Protecting Tor users from WF attacks, however, must be done while maintaining the usability of Tor and limiting costs to Tor relay operators. Delay is already an issue in Tor, so adding additional delay would harm usability significantly. The BuFLO family of defenses add between 145–200 % additional delay to the average website download, i.e. up to three times as long to get a webpage, which makes them very unlikely to be adopted in Tor.

The main overhead in WTF-PAD is bandwidth, which was under 60 % overhead in all scenarios we tested. We do not know the exact percentage that is acceptable for use in Tor, but we note the following points. First, approximately 40 % of Tor traffic is bulk downloads (from 2008, the last data we know of) [14]. To the extent that this holds today, only the remaining 60 % of traffic needs to be covered by this defense. Second, the bottleneck in Tor bandwidth today is exit nodes. WF defenses do not need to extend to exit nodes, stopping at the bridge (in our framework) or at the guard or middle node when fully implemented. Thus, the bandwidth overhead only extends to one or two relays in a circuit and crucially not to the most loaded relay, making the overhead cost much less in practice. Third, given our findings for the open-world setting, it may be possible to tune WTF-PAD further to lower the bandwidth and maintain useful security gains in realistic use cases.

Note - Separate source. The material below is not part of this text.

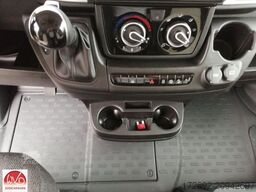 WEINSBERG CaraCore 650 MEG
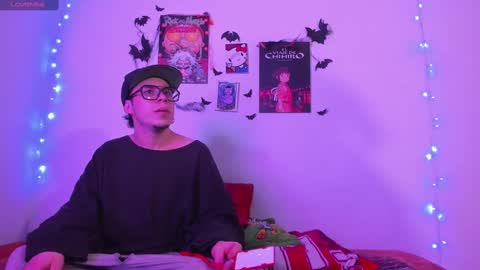 juanftmaria2 online show from October 2025 12:23:01 AM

The construction of the histograms \(H_B\) and \(H_G\) is critical for the correct performance of the defense. First, since these distributions depend on the client’s connection, we cannot estimate them a priori and ship them with WTF-PAD. A solution is to consider groups of clients with similar connections and have a precomputed configuration for each group. Then, the clients will estimate the properties of their network and only download the configuration that best matches their connection. Future work in developing WTF-PAD could explore the use of genetic algorithms to find the optimal histogram for each specific situation. A genetic algorithm could optimize a fitness function composed by the bandwidth overhead and the accuracy of the WF attack. Under mild assumptions on the distribution, histograms can be represented efficiently to reduce the search space.

7 Conclusion

In this paper, we described the design of WTF-PAD, a probabilistic link-padding defense based on Adaptive Padding. We studied the effectiveness and overheads of WTF-PAD, and compared it to existing link-padding-based defenses, showing that it offers reasonable protection with lower overhead costs. In particular, our results show that WTF-PAD does not introduce any delay in the communication while introducing moderate bandwidth overheads, which makes it especially suitable for low-latency communications such as Tor. Additionally, we have evaluated the effectiveness of WTF-AP in open-world and multi-tab scenarios. The results show that the defense reduces the performance of the classifier to random guessing.